By Scott B. MacDonald

The Japanese government is not happy with the rating agencies and hates the idea that its ratings could end up at the same level as the small African country of Botswana. The government has demanded Moody's, S&P and Fitch explain their reasons for lowering the rating from AAA to mid-AA, with the possibility for further downgrades. Poking at the rating agencies is not a good approach. Indeed, the strategy is likely to fail as the Japanese government is giving the agencies more space to communicate their criticism.

The views of all three major rating agencies are now well known. The key issues of concern are Japan's massive build-up in public sector debt (140% of GDP and going higher), ongoing large fiscal deficits and a troubled banking sector overburdened with bad debt, much of it from a decade earlier.
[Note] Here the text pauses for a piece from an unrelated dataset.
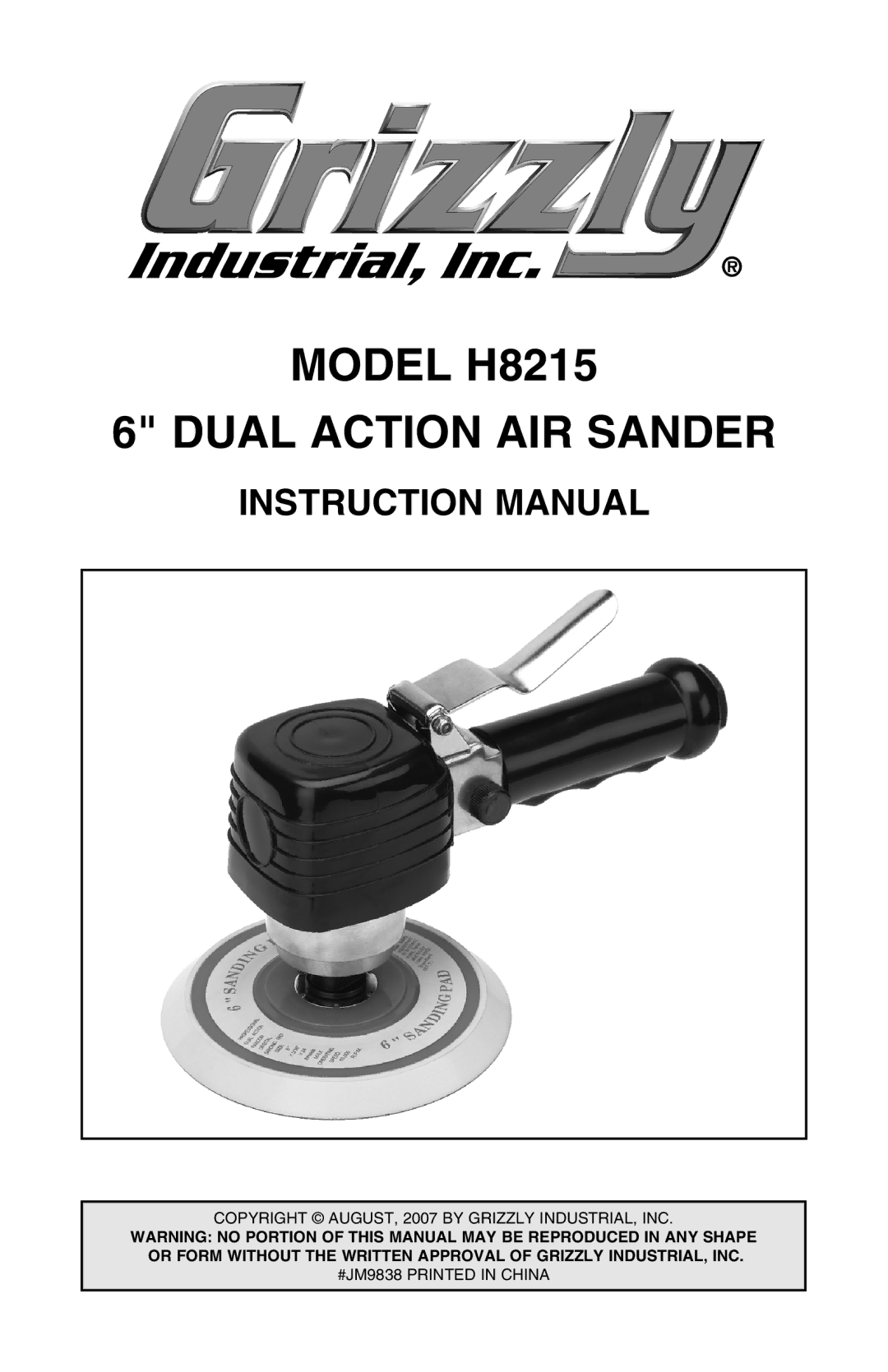 Grizzly instruction manual Model H8215 Dual Action AIR Sander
In addition, deflation, dysfunctional and protected sectors of the economy, ongoing resistance to structural reform, and a rapidly aging population all have troubling implications. What makes all of this an issue to the rating agencies is how Japan compares with other countries in terms of key ratios and the government's approach, especially in terms of timing.
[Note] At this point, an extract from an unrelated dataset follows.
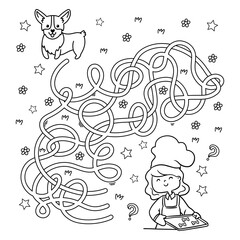 Maze or Labyrinth Game. Puzzle. Tangled road. Coloring Page Outline Of cartoon girl chef with large pot. Little cook for dog. Profession. Coloring book for kids.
Japanese officials have stated that public sector debt is not a problem and do not see it falling until later in the decade. Yet Japan is easily leading the way to higher levels of public sector debt among G-7 economies. While most of this debt is held by Japanese investors, it is still growing and will someday have to be repaid. At some point there is a confidence issue - can the government make its repayments without borrowing more money? If not, how comfortable is an investor holding bonds only as good as what the next investor is willing to back?

There are a number of other ratios that draw concern from the rating agencies, but most significant is the primary budget balance. This is where a government usually generates money to pay the interest on debt. Japan has run a deficit in its primary balance since 1993 and was -5.1% of GDP in 2001, compared to surpluses in Italy (4.2% of GDP), Belgium (5.7%) and the United States (2.9%).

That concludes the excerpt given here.